## TASK INSTRUCTIONS
Keep the images out while you set down the data exactly.

## SUPPLIED INFORMATION
§ §

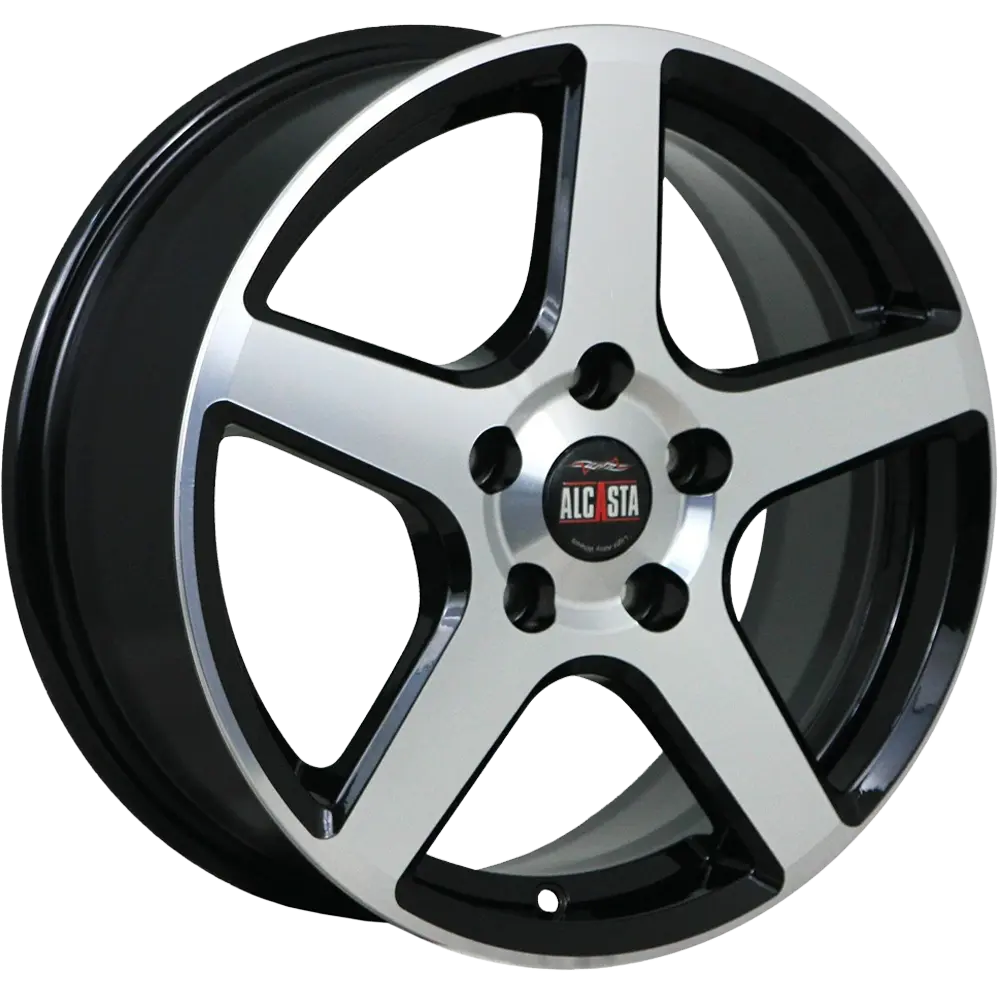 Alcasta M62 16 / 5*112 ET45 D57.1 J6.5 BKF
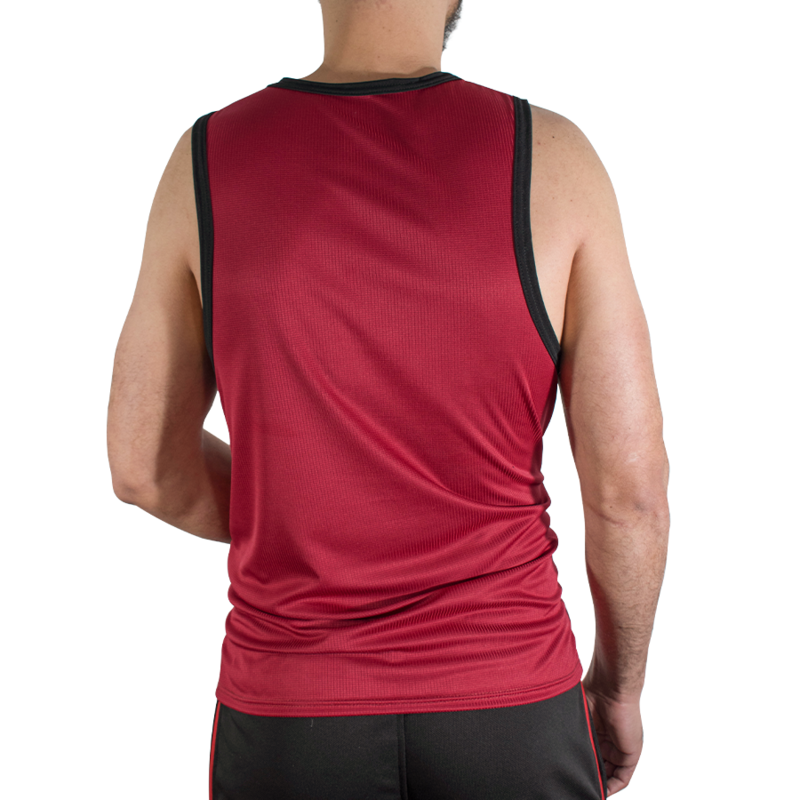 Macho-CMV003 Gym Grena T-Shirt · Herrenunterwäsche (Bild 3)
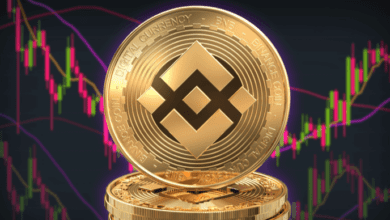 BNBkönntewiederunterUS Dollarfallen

§ §

## RESPONSE TO THE EXERCISE
 Alcasta M62 16 / 5*112 ET45 D57.1 J6.5 BKF
 Macho-CMV003 Gym Grena T-Shirt · Herrenunterwäsche (Bild 3)
 BNBkönntewiederunterUS Dollarfallen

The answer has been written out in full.